В двадцати милях от Франкфурта мы остановились у придорожной закусочной, купили сигарет и бутылку «вайнбранда». Отпустили Симмса и Бурчвуда в туалет.
— Что-то не так, — сказал мне Падильо, когда мы вновь выехали на автобан.
Я сбросил скорость до семидесяти миль, потом до шестидесяти.
— О чем ты?
— Что-то должно было произойти во Франкфурте. Не знаю что именно, но не по нутру мне все это.
— Прием показался тебе недостаточно теплым? — Я нажал на педаль газа, и стрелка спидометра качнулась к отметке 85 миль.
— Странно, что нами до сих пор никто не заинтересовался.
Я добавил газа. «Импала» мчалась уже со скоростью девяносто пять миль в час.
— Я думаю, ты признаешь свою неправоту, если обернешься. Большой зеленый «кадиллак» следует за нами после остановки в кафе.
Падильо оглянулся. Симмс и Бурчвуд последовали его примеру.
— Их трое. Если они не будут приближаться, держись восьмидесяти миль. Если начнут догонять, придется прибавить. Каковы их предельные возможности?
В зеркало заднего обзора я глянул на зеленый «кадиллак», державшийся в сотне ярдов от нас.

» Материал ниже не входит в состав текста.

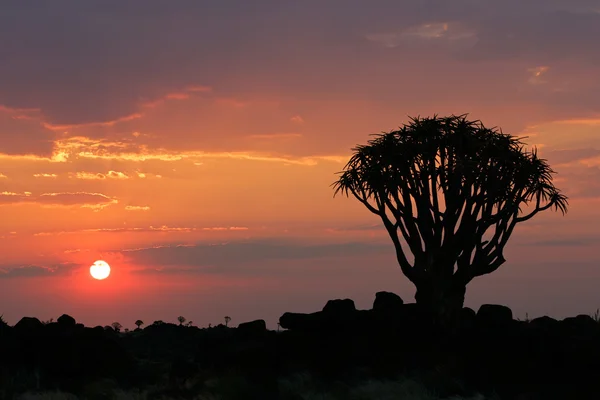 Desierto puesta de sol — Foto de Stock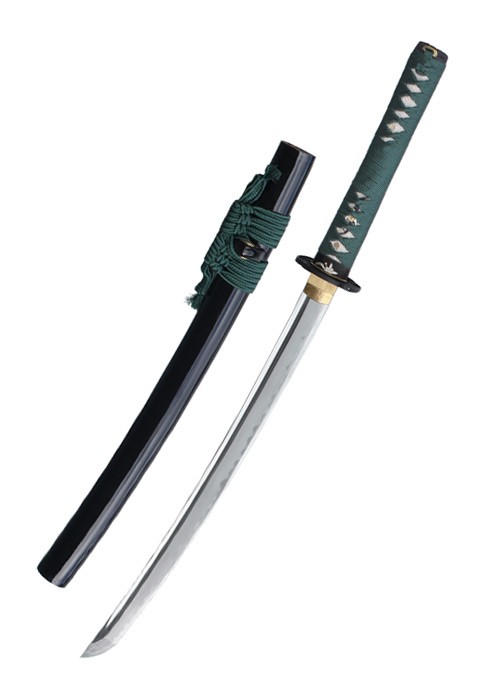 foto John Lee Ten Kei Wakizashi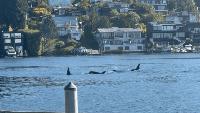 Transient orcas surprise visitors with rare appearance at Seattle's Ballard Locks
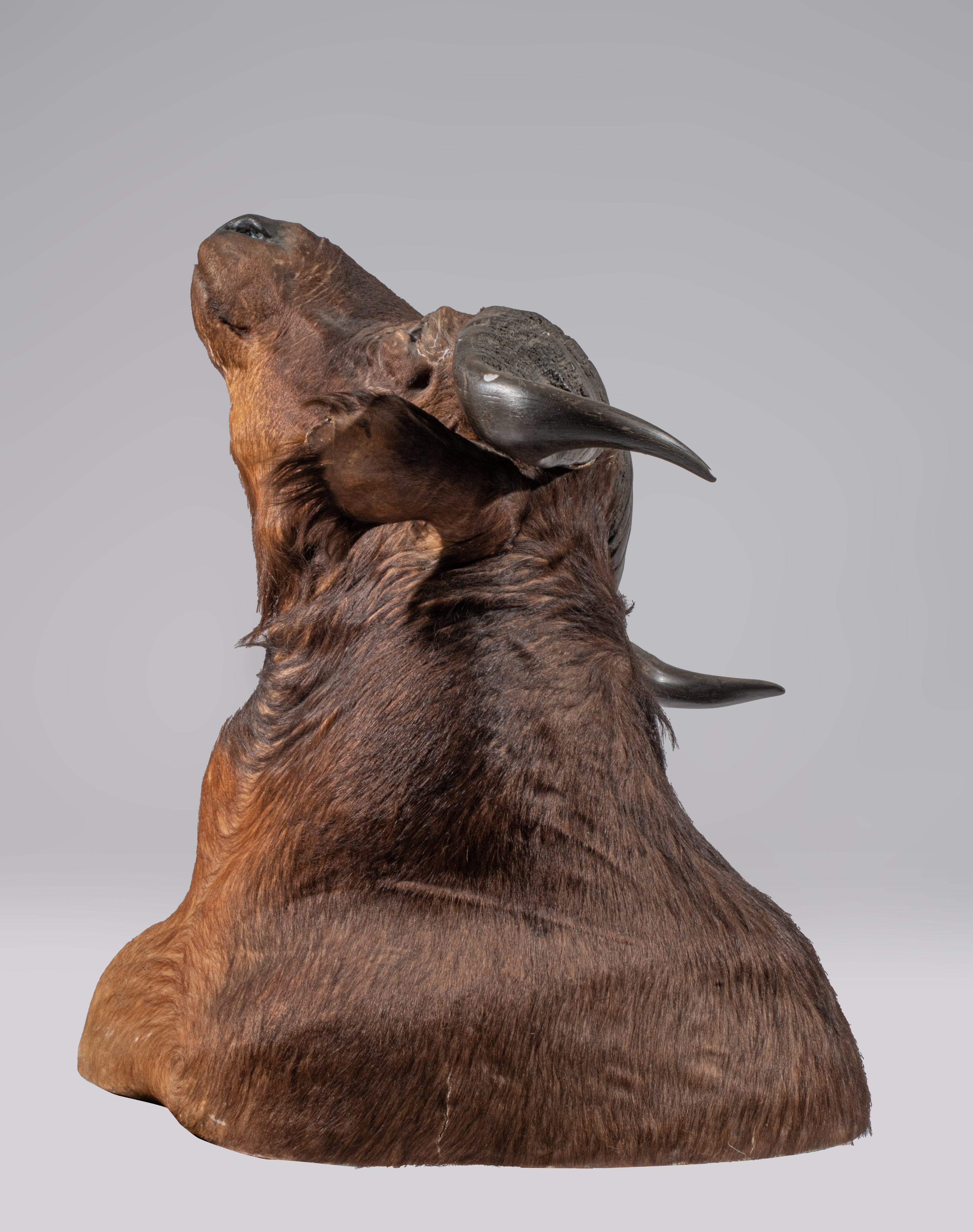 A taxidermic head of an African buffalo, H 75 cm - Image 7 of 9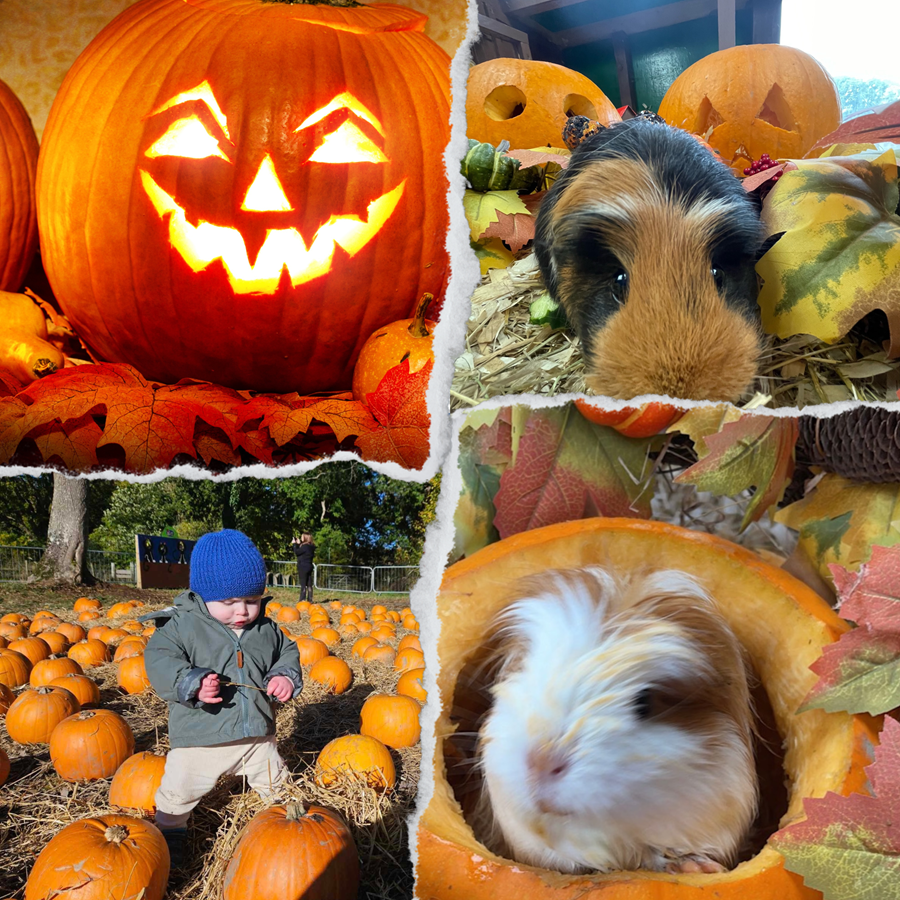 Pathhead Farm Go Rural For Scotland's Top Pumpkin Patches | Go-Rural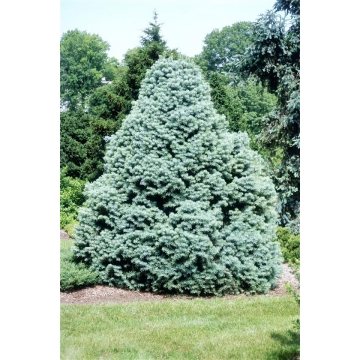 Abies concolor'Compacta'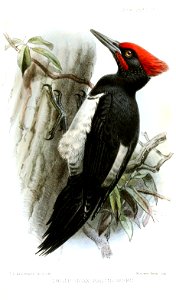 ThriponaxKalinowskiiKeulemans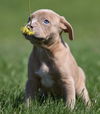 Hooch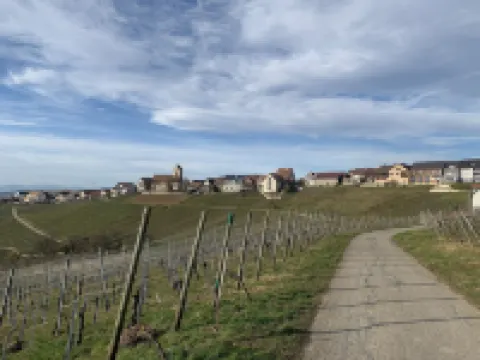 3 Room Apartment in 79576 Weil am Rhein - Ötlingen Near Basel up to 6 Persons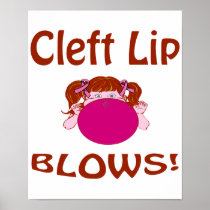 Blows Cleft Lip Poster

— Встать с нами вровень и прижать к обочине они не смогут. А вот преследовать нас, с учетом транспортного потока, им вполне по силам. Если как следует отрегулировать двигатель «кадиллака», он может разогнаться до ста десяти, даже до ста двадцати миль. Но я не знаю, на что способен их автомобиль. Наш шанс оторваться от них — после поворота на Бонн. Дорога там извилистая, да еще с подъемами и спусками. Их рессоры для гонок по такой дороге не годятся. А у нас сойдут. Реку мы пересечем по мосту, вместо того чтобы воспользоваться паромом, а уж в Бонне затеряемся окончательно. Если ты уже наметил, куда ехать, скажи.
— Поговорим об этом позже. А пока давай посмотрим, на какую скорость они способны.
— Тут есть ремни безопасности. Пожалуй, нам следует ими воспользоваться.
— Они могут перерезать нас надвое, — пробурчал Падильо, но ремень застегнул. Повернулся к Симмсу и Бурчвуду. — Пристегните ремни. Нам предстоит небольшая поездка. — Они промолчали, но команду выполнили.
— Готовы? — спросил я.
— Приступай.
Я вдавил педаль газа чуть ли не до упора, и «шевроле» выстрелил мимо двух «фольксвагенов». Машин было немного, поэтому я постоянно шел по левой полосе, изредка переходя на правую, чтобы обогнать плетущиеся грузовики и легковушки. «Кадиллак» тоже прибавил. Мы мчались, как привязанные, сохраняя между собой стоярдовый просвет.
— Что ты скажешь? — спросил я Падильо.
— На ста двадцати милях он отстанет.
Я глянул на таксометр. Стрелка дрожала у красной черты. Я двинул педаль газа на последнюю четверть дюйма. Водитель большого синего «мерседеса» воспринял обгон как личное оскорбление и вывалился на левую полосу, чтобы начать преследование. «Кадиллак» прогнал его обратно клаксоном и фарами.